Records.
+---+
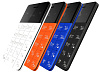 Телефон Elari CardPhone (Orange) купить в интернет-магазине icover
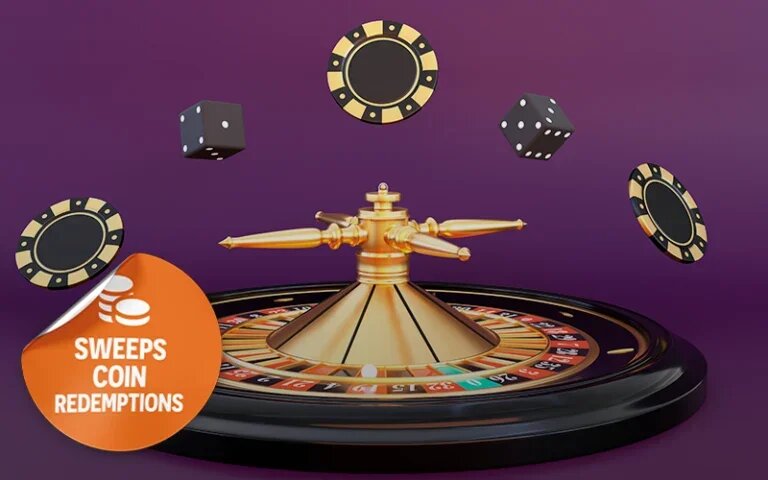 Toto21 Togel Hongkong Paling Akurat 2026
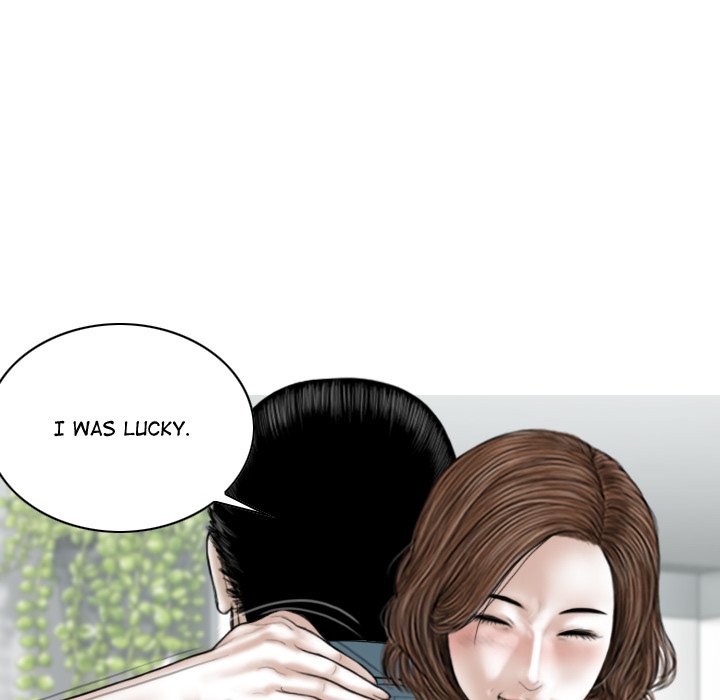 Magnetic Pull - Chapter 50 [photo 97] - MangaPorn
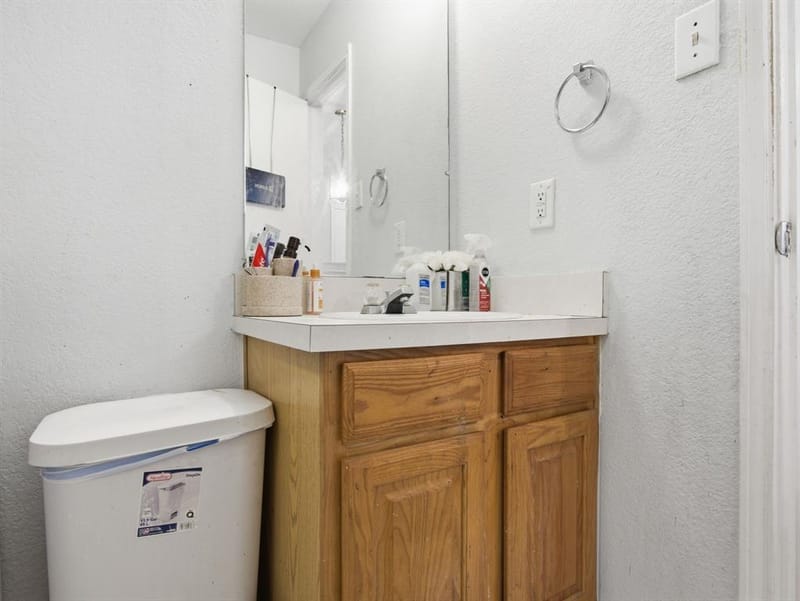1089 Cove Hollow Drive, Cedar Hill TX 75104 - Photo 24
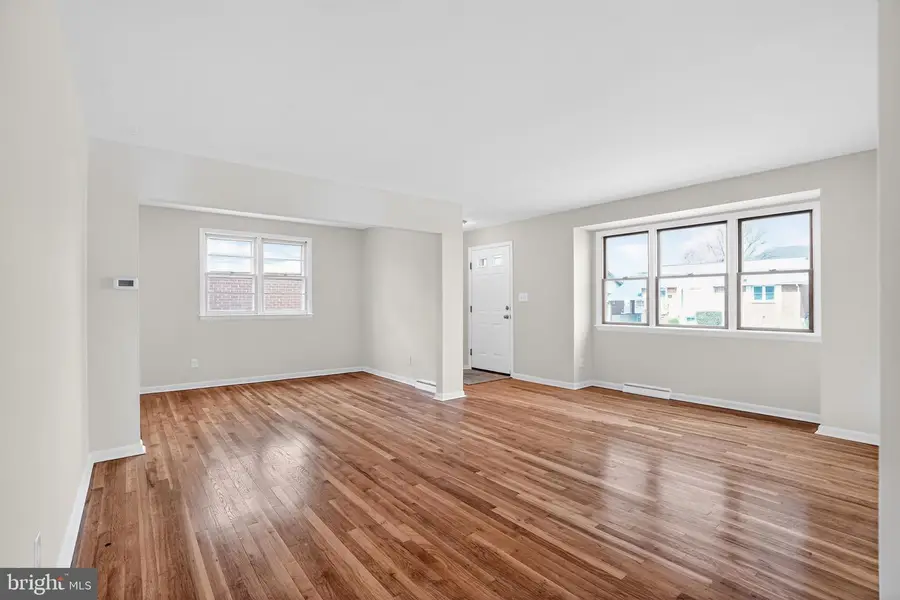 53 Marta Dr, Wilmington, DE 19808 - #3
+---+
What to do.
Extract word for word every line from the line that contains "Magnetic Pull - Chapter" to the final line of the data, both included, and nothing else; skip the pictures.

Written answer.
 Magnetic Pull - Chapter 50 [photo 97] - MangaPorn
1089 Cove Hollow Drive, Cedar Hill TX 75104 - Photo 24
 53 Marta Dr, Wilmington, DE 19808 - #3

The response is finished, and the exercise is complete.